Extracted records
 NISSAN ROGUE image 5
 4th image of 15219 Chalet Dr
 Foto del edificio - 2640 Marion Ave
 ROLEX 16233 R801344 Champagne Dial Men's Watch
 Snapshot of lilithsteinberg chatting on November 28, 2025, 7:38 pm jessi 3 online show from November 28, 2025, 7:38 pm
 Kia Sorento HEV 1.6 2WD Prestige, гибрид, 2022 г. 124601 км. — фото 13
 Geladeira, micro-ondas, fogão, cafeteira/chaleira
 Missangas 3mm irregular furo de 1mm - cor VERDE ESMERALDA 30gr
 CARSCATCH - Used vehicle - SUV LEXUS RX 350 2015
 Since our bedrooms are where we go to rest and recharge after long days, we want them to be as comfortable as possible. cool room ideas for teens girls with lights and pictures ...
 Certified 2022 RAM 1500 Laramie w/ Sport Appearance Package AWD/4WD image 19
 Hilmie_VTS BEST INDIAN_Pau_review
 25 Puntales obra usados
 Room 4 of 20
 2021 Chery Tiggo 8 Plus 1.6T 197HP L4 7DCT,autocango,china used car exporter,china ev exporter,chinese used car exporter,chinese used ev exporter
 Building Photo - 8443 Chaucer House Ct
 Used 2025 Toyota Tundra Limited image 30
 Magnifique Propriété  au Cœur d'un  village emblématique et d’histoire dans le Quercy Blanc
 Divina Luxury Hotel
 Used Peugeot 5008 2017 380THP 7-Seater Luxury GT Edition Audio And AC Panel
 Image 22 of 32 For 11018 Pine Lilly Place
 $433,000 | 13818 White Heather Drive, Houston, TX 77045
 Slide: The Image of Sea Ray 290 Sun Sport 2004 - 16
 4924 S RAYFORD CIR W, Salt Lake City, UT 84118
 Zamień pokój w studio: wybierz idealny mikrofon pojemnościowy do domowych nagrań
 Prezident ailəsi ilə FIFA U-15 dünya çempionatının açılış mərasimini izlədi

▶ **Problem details**:
If a line in the entries above contains the word "Luxury", copy it.

▶ **Solution for this exercise**:
 Divina Luxury Hotel
 Used Peugeot 5008 2017 380THP 7-Seater Luxury GT Edition Audio And AC Panel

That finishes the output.